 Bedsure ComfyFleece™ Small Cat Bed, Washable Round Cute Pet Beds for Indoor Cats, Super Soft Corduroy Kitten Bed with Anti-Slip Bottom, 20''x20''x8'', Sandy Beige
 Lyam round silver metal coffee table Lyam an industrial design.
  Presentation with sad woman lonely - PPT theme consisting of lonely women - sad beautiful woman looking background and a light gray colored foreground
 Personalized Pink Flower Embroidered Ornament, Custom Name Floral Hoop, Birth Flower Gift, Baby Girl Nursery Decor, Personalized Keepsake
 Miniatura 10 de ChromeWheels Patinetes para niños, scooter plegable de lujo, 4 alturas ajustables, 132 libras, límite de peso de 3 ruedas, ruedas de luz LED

---

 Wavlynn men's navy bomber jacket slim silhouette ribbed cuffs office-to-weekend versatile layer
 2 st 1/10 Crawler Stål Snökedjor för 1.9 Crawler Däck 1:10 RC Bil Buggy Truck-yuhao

---

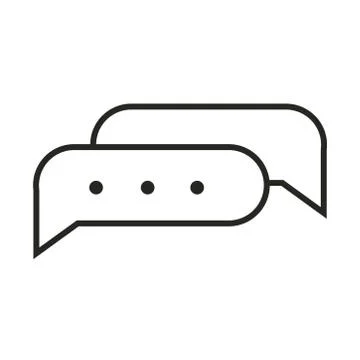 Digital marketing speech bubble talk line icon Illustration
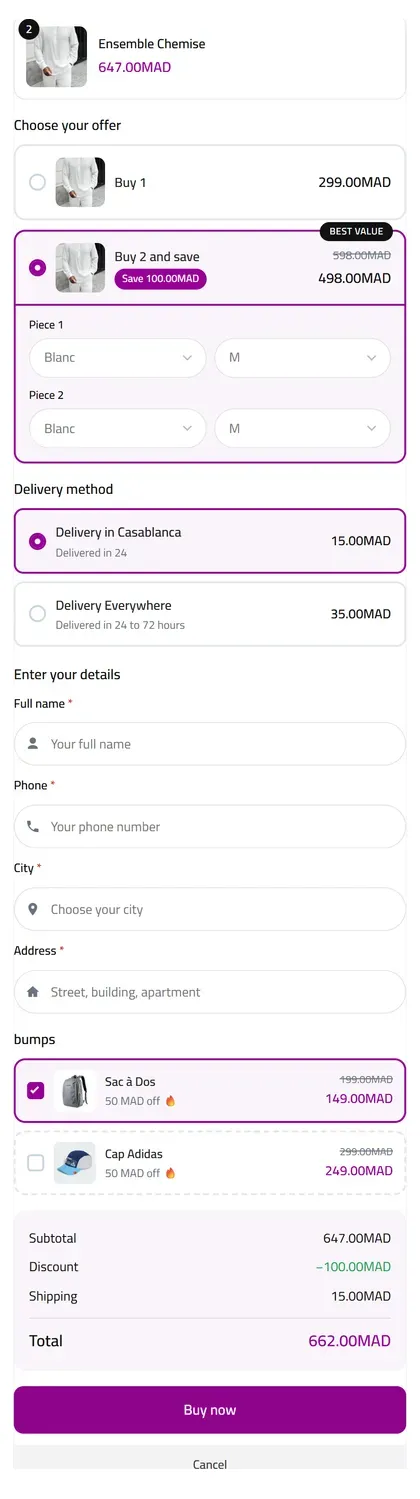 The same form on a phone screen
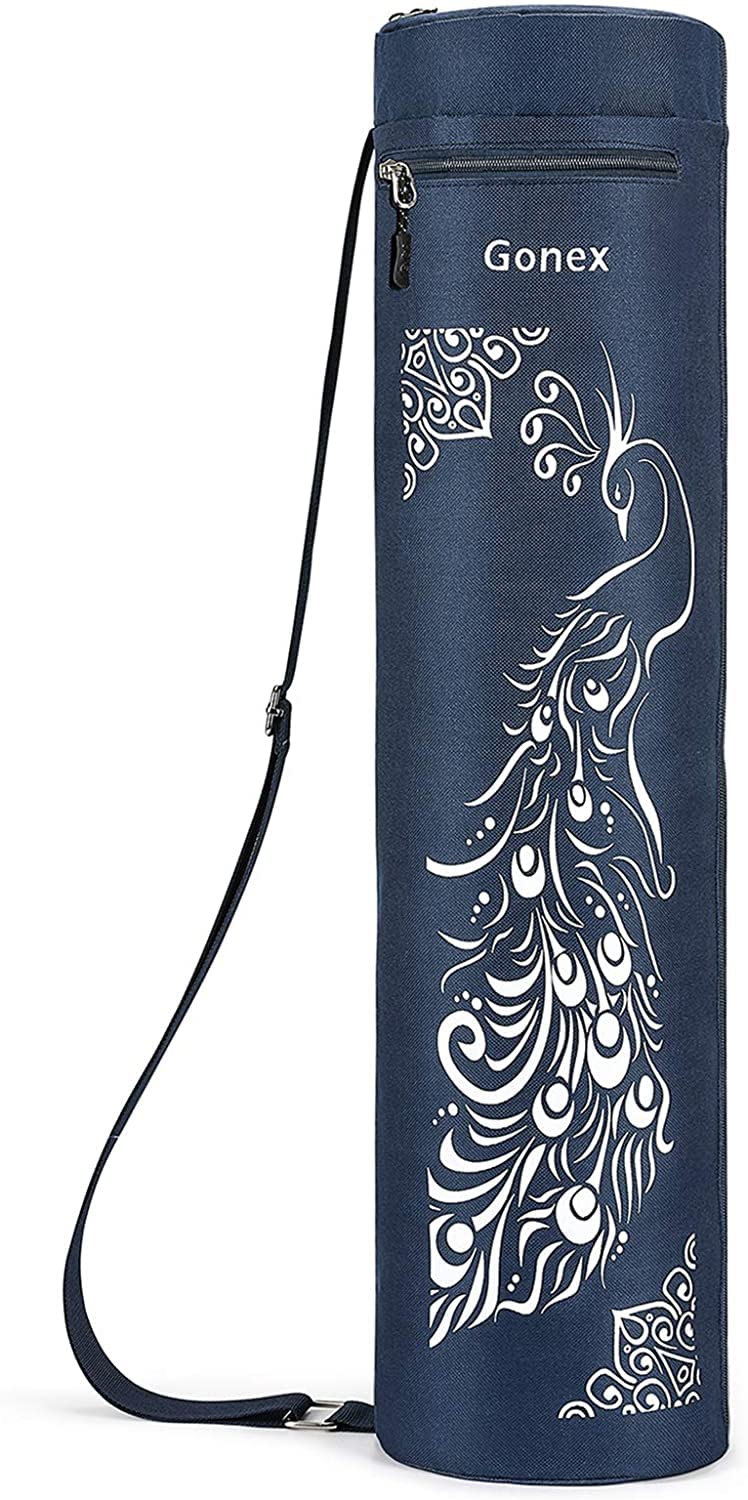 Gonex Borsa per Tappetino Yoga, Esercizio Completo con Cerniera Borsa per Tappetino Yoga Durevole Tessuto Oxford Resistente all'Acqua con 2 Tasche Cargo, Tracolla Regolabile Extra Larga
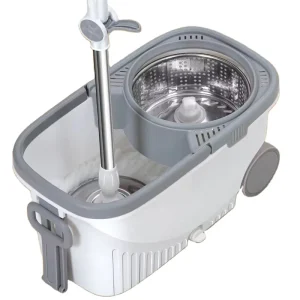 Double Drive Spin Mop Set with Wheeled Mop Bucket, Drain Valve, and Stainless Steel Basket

:: Goal of the exercise ::
In the records above, copy exactly everything from the line that has "The same form on a phone screen" down to the line that has "Double Drive Spin", both ends included, and leave out the pictures.

:: Result ::
 The same form on a phone screen
 Gonex Borsa per Tappetino Yoga, Esercizio Completo con Cerniera Borsa per Tappetino Yoga Durevole Tessuto Oxford Resistente all'Acqua con 2 Tasche Cargo, Tracolla Regolabile Extra Larga
 Double Drive Spin Mop Set with Wheeled Mop Bucket, Drain Valve, and Stainless Steel Basket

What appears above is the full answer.